On Saturday, May 15th, we held a meeting with some school leaders at the school chapel, which will serve as the Friends Church on the island. Since we had received community blessings on the mountain the previous day by Mzee Odida, we had a good reception from the leaders who responded to our sharing with much interest. Thus, the ground had already been prepared for the establishment of the Quaker church. We took time to introduce who the Quakers are and what we believe in as a church, and why we are venturing on the island after many years since our church started in Kenya. Then, we opened up for questions from the members. They asked many clarifying questions which were responded to adequately. They even asked what programs we had for the youth to help them remain committed to the church? This was very interesting because the church had many young people asking what we had to keep them committed to the Quaker church. The Saturday meeting saw the Quaker church being accepted on the island with ease, and they told us who would be the leaders of the new Quaker church on the island.
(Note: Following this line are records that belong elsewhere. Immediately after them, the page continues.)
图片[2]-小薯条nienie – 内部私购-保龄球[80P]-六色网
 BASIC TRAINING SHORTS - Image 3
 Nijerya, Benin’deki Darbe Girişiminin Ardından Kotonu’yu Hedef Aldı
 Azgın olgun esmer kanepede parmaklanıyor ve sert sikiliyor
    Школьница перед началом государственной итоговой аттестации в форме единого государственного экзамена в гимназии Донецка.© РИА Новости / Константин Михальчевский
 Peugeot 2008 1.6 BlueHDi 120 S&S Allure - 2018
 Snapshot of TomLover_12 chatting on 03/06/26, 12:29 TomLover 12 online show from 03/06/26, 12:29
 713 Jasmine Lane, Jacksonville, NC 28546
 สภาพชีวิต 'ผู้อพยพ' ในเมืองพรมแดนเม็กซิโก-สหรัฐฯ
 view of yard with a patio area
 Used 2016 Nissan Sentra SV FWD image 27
On Sunday, May 16th, the first-ever Quaker service was held on Mfangano Island. Bware’s Superintendent, Albert Njeria, preached on the subject, “Human Dissatisfaction” then he officially commissioned the leaders who had been nominated on Saturday. This new church will be under the care of Bware Yearly Meeting. It was so simple and fast that in just two days, we had planted the church. And it all began with our first visit to the mountain on Friday after we had arrived on the island. After the Sunday worship, they prepared a meal we all shared as we fellowshipped together. Later in the afternoon, we visited Phil Ochieng’s friend who stays in Dubai, but his family lives on the island. His friend asked Ochieng when they reached the island if we would visit his family and pray for their sickly child. On visiting Ochieng’s family friend and sharing who we are and why we were on the island, they asked if they could join the Quaker church and even open another church near where they are. They were delighted to associate with the church and promised to get more people on the island to join the Quaker church. If we had stayed for a week, we would have drawn many islanders to join the Quaker church.
We left the island on the morning of Monday, May 17th. We were at the port by 6:00 AM to catch the ferry that leaves at 7:00. We were treated to meeting fishermen arriving from their night vigil fishing with their catch. As they arrived that early morning, many women waited to get fish from them for sale and use with their children. It has drawn me to explore the lives of fishermen further when Jesus took Peter and his brothers from fishing to ministering to people. How can we minister to these fishermen today? What about the women vendors who come for fish from the fishermen and exchange them for sexual activities; hence the spread of HIV? What ministry can the Quaker church develop for the fishermen and women vendors to reduce the spread of HIV? As we stood there waiting for the time to board the ferry, I kept on pondering over the above questions as I saw a great opportunity here.
At 6:30 AM, we boarded the ferry, and again I was asked to drive the truck in reverse over the stones. The adventure of driving on stones started as I was directed from the rear. I managed to load the truck but with hardship. We sailed safely from Mfangano Island to Mbita mainland smoothly on the deep waters of Lake Victoria. While we were in the middle of the lake, the ferry engine stopped for five minutes. I thought we had hit a rock, but later, the engine started up again and we sailed on to the mainland. It reminded me of the story of Paul in Acts 27:27-28:5 about the shipwreck. Our Quaker mission on the Mfangano Island had some similarities to Paul’s journeys through the sea. What an experience in ministry with the islanders.